■ What you have to do
An acceptable response holds only the line containing "Amazon Basics Dog" and every line after it to the end of the records, each reproduced exactly.

■ Raw data
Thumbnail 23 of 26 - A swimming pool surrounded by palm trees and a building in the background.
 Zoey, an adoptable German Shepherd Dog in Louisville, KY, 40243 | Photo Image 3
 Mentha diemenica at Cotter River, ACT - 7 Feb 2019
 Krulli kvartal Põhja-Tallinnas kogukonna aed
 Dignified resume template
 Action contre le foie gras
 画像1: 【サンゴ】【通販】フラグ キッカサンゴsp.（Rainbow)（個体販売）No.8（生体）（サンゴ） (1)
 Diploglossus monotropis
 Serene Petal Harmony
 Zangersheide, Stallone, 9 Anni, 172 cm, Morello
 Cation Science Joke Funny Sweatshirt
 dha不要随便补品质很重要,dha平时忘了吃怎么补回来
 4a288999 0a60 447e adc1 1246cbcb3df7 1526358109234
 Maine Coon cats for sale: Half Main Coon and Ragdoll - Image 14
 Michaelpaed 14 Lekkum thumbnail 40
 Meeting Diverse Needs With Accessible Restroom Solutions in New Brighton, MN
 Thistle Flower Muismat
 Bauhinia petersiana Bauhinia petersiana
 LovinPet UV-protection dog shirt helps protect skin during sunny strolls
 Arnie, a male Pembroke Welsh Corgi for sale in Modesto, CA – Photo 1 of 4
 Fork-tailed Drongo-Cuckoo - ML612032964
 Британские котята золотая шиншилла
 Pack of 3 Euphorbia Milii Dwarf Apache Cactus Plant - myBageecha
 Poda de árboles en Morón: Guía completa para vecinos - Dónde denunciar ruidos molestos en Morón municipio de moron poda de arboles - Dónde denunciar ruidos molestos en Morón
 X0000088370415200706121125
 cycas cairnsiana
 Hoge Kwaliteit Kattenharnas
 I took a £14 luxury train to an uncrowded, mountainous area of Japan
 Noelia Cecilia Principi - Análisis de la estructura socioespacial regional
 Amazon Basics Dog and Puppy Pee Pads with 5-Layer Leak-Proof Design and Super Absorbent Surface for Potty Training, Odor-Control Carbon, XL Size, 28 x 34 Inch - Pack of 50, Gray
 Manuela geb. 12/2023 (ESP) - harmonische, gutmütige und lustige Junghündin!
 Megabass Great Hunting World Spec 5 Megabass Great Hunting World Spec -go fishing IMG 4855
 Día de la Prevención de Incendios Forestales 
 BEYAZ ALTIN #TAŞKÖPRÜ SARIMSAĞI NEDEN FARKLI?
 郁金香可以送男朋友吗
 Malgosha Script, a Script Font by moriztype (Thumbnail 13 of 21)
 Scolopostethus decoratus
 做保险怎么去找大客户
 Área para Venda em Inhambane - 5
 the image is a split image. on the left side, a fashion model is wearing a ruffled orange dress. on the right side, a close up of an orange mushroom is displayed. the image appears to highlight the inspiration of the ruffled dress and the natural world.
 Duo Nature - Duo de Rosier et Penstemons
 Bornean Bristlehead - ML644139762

■ Task response
 Amazon Basics Dog and Puppy Pee Pads with 5-Layer Leak-Proof Design and Super Absorbent Surface for Potty Training, Odor-Control Carbon, XL Size, 28 x 34 Inch - Pack of 50, Gray
 Manuela geb. 12/2023 (ESP) - harmonische, gutmütige und lustige Junghündin!
 Megabass Great Hunting World Spec 5 Megabass Great Hunting World Spec -go fishing IMG 4855
 Día de la Prevención de Incendios Forestales 
 BEYAZ ALTIN #TAŞKÖPRÜ SARIMSAĞI NEDEN FARKLI?
 郁金香可以送男朋友吗
 Malgosha Script, a Script Font by moriztype (Thumbnail 13 of 21)
 Scolopostethus decoratus
 做保险怎么去找大客户
 Área para Venda em Inhambane - 5
 the image is a split image. on the left side, a fashion model is wearing a ruffled orange dress. on the right side, a close up of an orange mushroom is displayed. the image appears to highlight the inspiration of the ruffled dress and the natural world.
 Duo Nature - Duo de Rosier et Penstemons
 Bornean Bristlehead - ML644139762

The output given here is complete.